At Simms & Associates, we’ve seen this dynamic up close. And if there’s one thing we know, it’s that global-local collaboration is an art: it requires active listening, humility, flexibility, and a healthy dose of patience. But it can also become a powerful source of value and learning.
A Real Example: Nespresso
When we started working with Nespresso, we encountered a complex challenge: a time-sensitive technology migration, multiple stakeholders involved, and clear tensions between the global vision and the day-to-day needs of boutique operations.
The easy route would have been to impose a standardized model. But we chose the opposite approach: we put the local reality at the center of the design, listened to store managers, visited boutiques, and took the time to understand what worked (and what didn’t) in the daily operation.
The result was a hybrid model—more agile, more human, and more realistic. Most importantly, the local team felt like participants in the process, not victims of it.
Inevitable Frictions, Valuable Lessons
In any global-local collaboration, there will be moments of tension: clashing priorities, different communication styles, decisions made far from the front line. But when those frictions are handled with respect and openness, they become opportunities for learning.
The Global Needs the Local (and Vice Versa)
The global perspective brings structure, scale, and efficiency. The local perspective offers intuition, adaptability, and deep customer insight. When both are respected and heard, you build something far more powerful than the sum of its parts.
Instead of thinking in terms of hierarchy, let’s think in terms of partnership. Teams that co-create rather than compete. That share goals, even if they work across different time zones.

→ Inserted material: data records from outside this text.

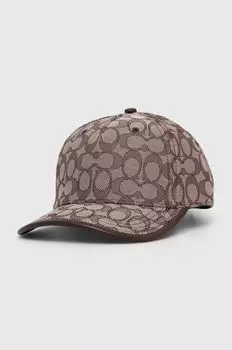 Кепка Coach, коричневый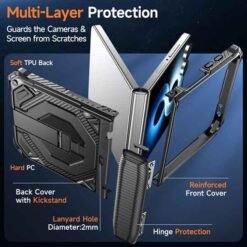 Galaxy Z Flip8 MagSafe símahulstur með standi – svart - Image 5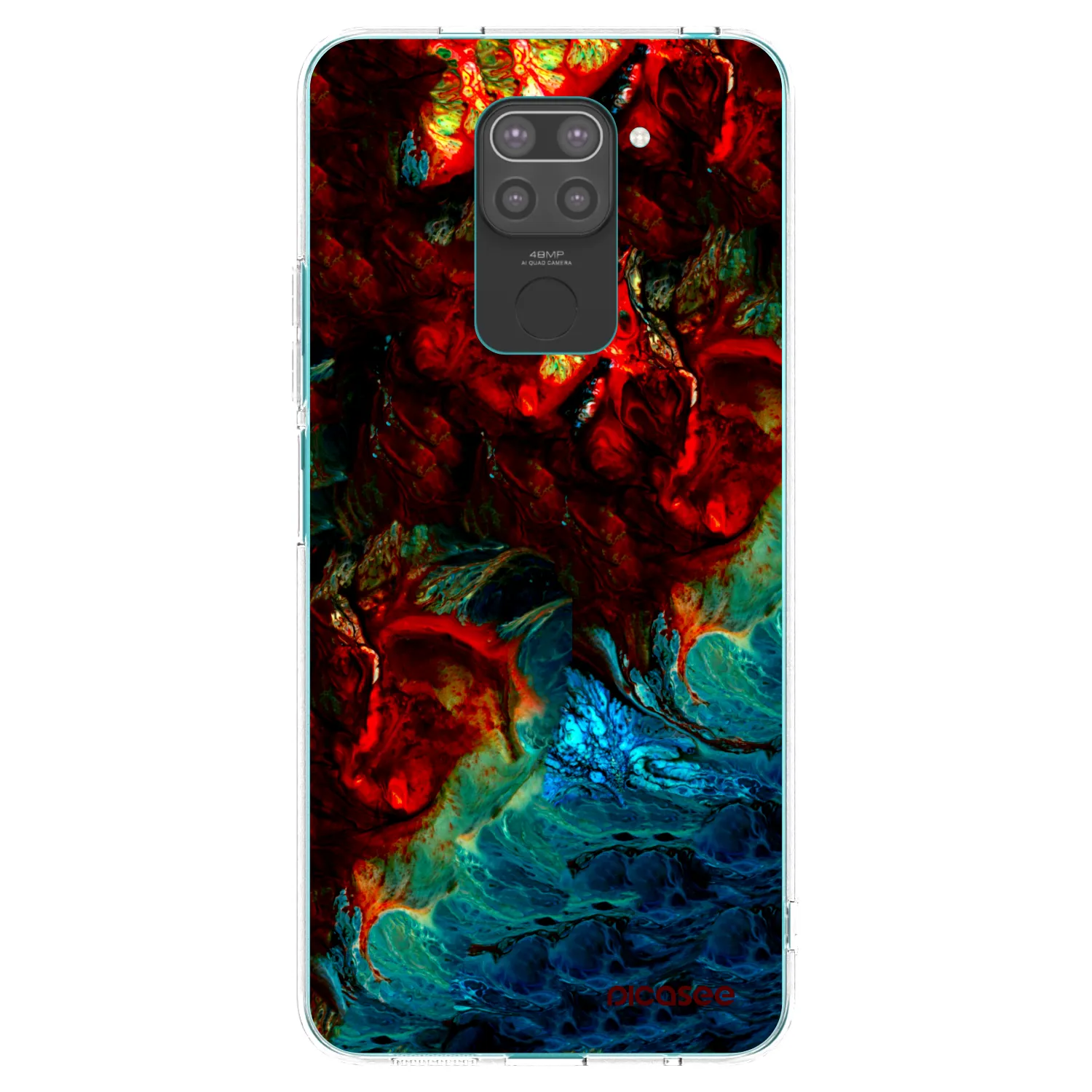 Picasee Xiaomi Redmi Note 9 Hülle - Schwarzes Silikon - Universe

Global-Local Collaboration Isn’t Solved by Process – It’s Grown Through Relationships
And like any valuable relationship, it takes presence, ongoing communication, and a willingness to understand the other side. Because at the end of the day, no one knows the terrain better than the people walking it every day. And no one sees further than those with perspective.
When both visions meet, transformation stops being a promise—and becomes a shared reality.